• [Required action]: Your copy should start at the line with "Women Summer Cotton" and end at the line with "Pronto Uomo 44L" in the data below. Transcribe only those lines, exactly, pictures excluded.

• [Task inputs]:
[Start of section]

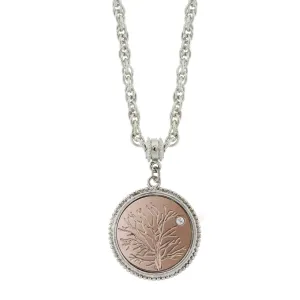 1928 Jewelry Rose Gold Tone Tree Of Life Euro Crystal Pendant Necklace 16"   3" Extender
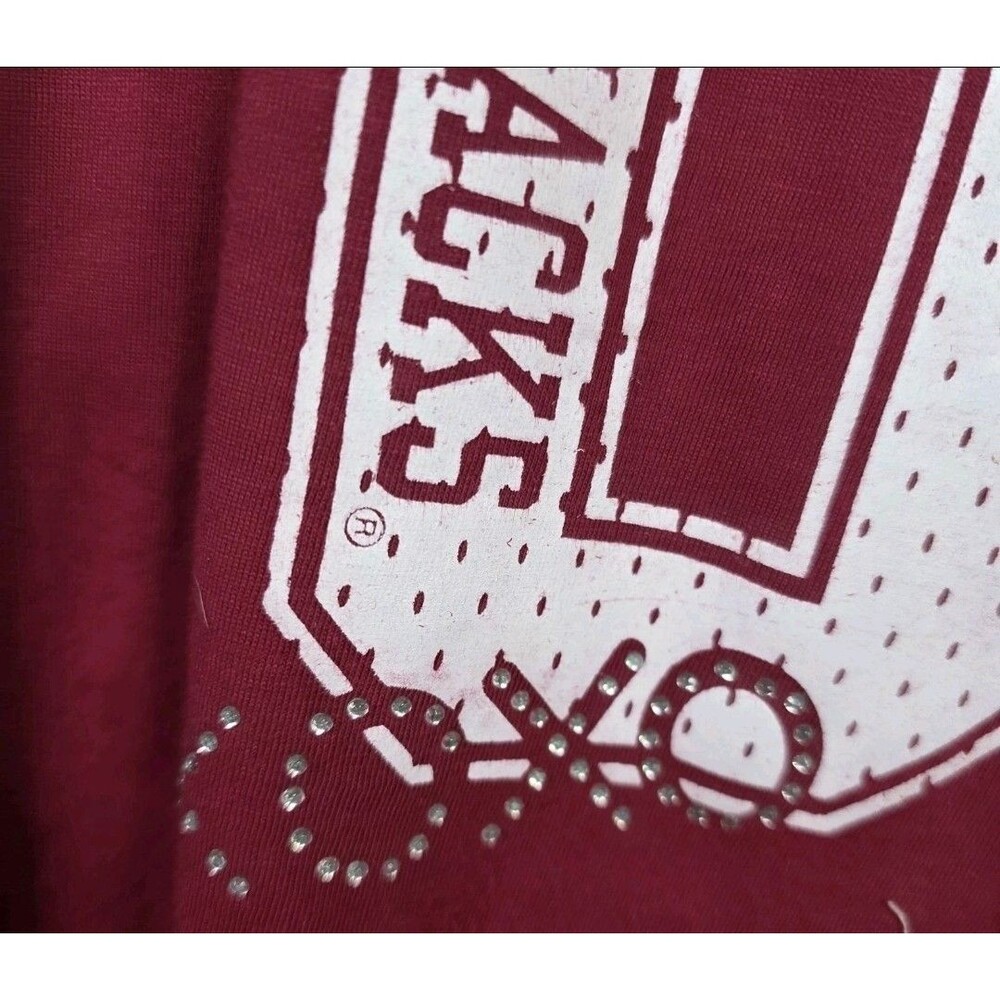 Arkansas Razorbacks Women's Large Red Embroidered Rhinestone Tank Top - Picture 5 of 7
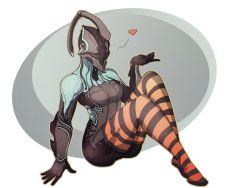 Rule 34 | 1girl, artist request, female focus, full body, heart, humanoid robot, nyx (warframe), robot, solo, source request, tagme, thick thighs, thighhighs, thighs, warframe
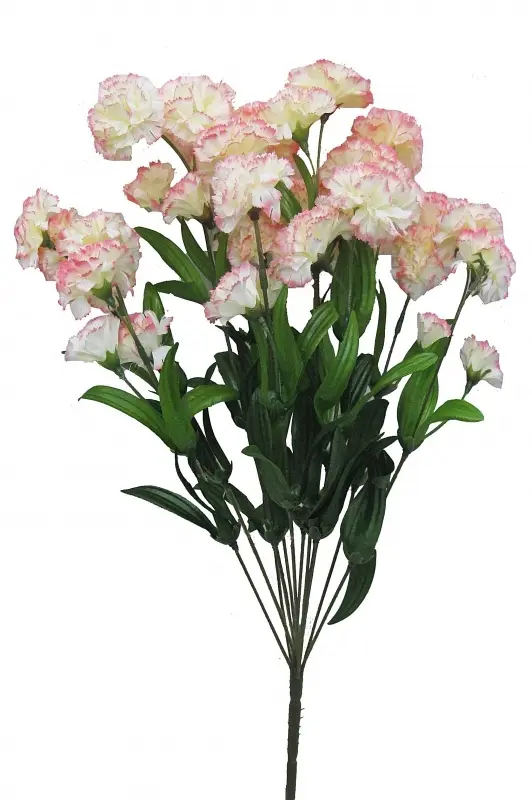 Artificial Carnation Bush<br>Cream/Pink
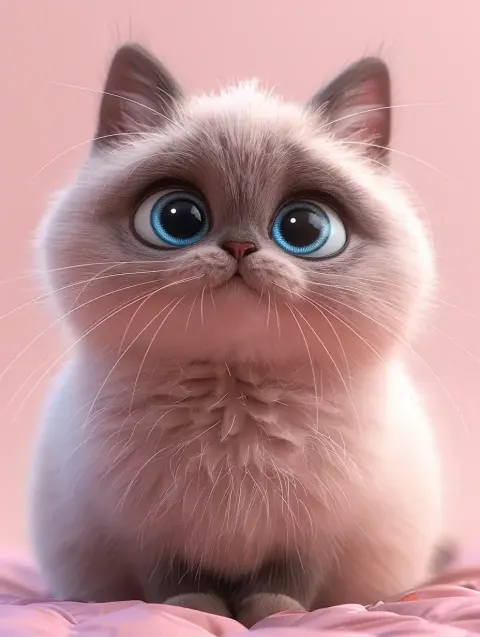 Pixar Siamese Cat Portrait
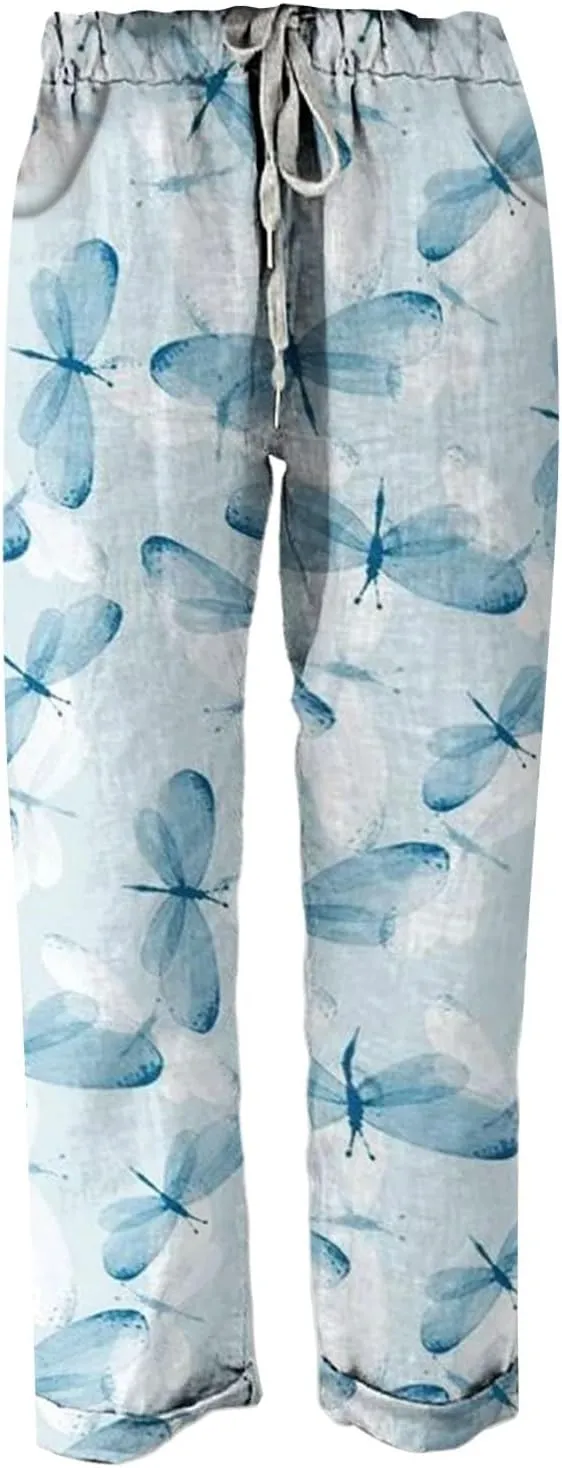 Women Summer Cotton Linen Palazzo Pants Linen Elastic Women Leg Solid Cotton Pants 2025 Flowy Beach Trendy Trousers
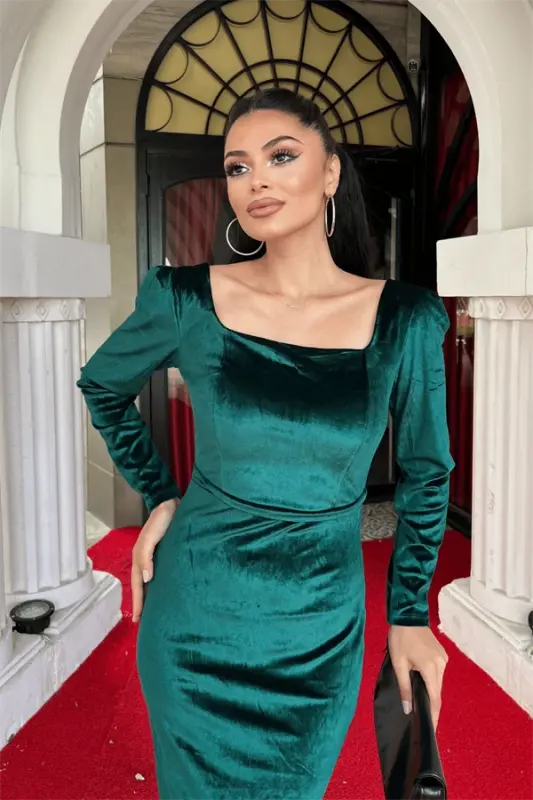Velvet Fabric Square Neck Dress - EMERALD GREEN - 4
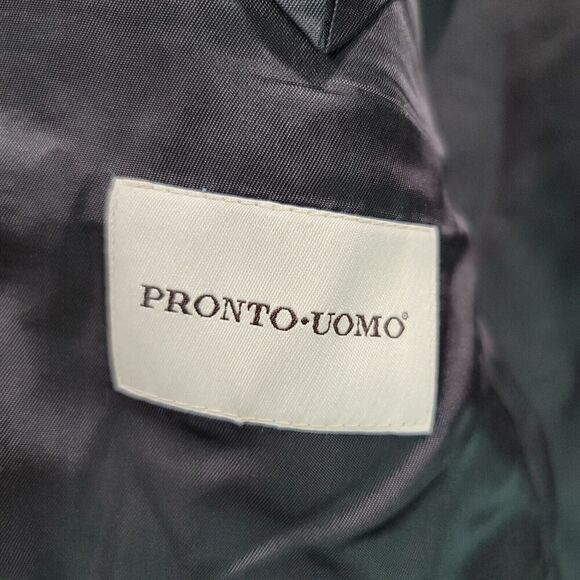 Pronto Uomo 44L Long Mens Wool Sport Coat Blazer Suit Jacket 2 Button Black - Picture 2 of 8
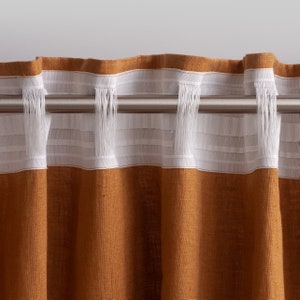 Cortina de lino ligera de 53/136 cm de ancho, cortina transparente de lino, cortina de lino transparente, panel de ventana de gasa de lino, cortina de lino aireado natural imagen 7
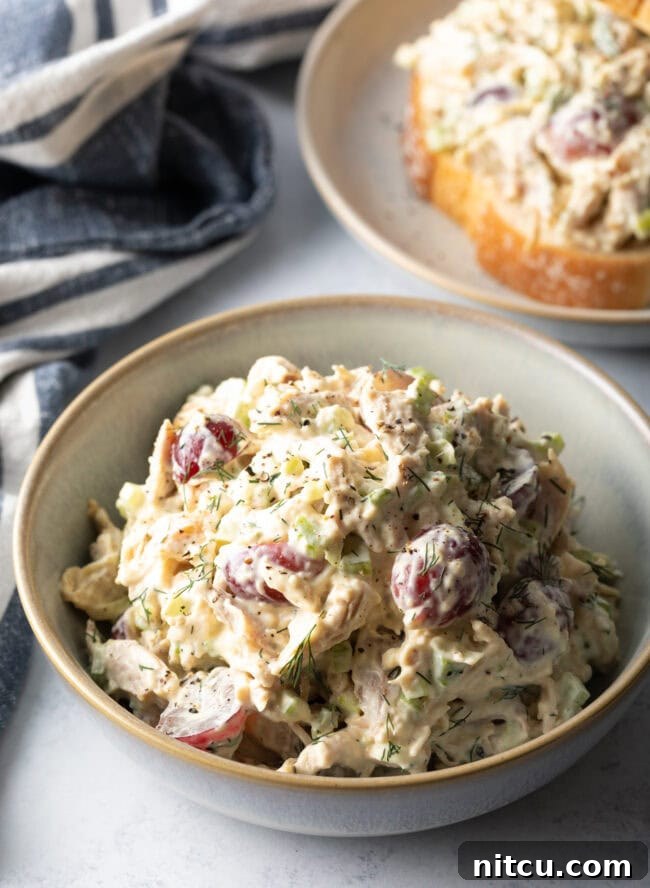 Perfect Turkey Sandwich Salad 9 Bowl of turkey salad.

[End of section]

• [Response below]:
 Women Summer Cotton Linen Palazzo Pants Linen Elastic Women Leg Solid Cotton Pants 2025 Flowy Beach Trendy Trousers
Velvet Fabric Square Neck Dress - EMERALD GREEN - 4
 Pronto Uomo 44L Long Mens Wool Sport Coat Blazer Suit Jacket 2 Button Black - Picture 2 of 8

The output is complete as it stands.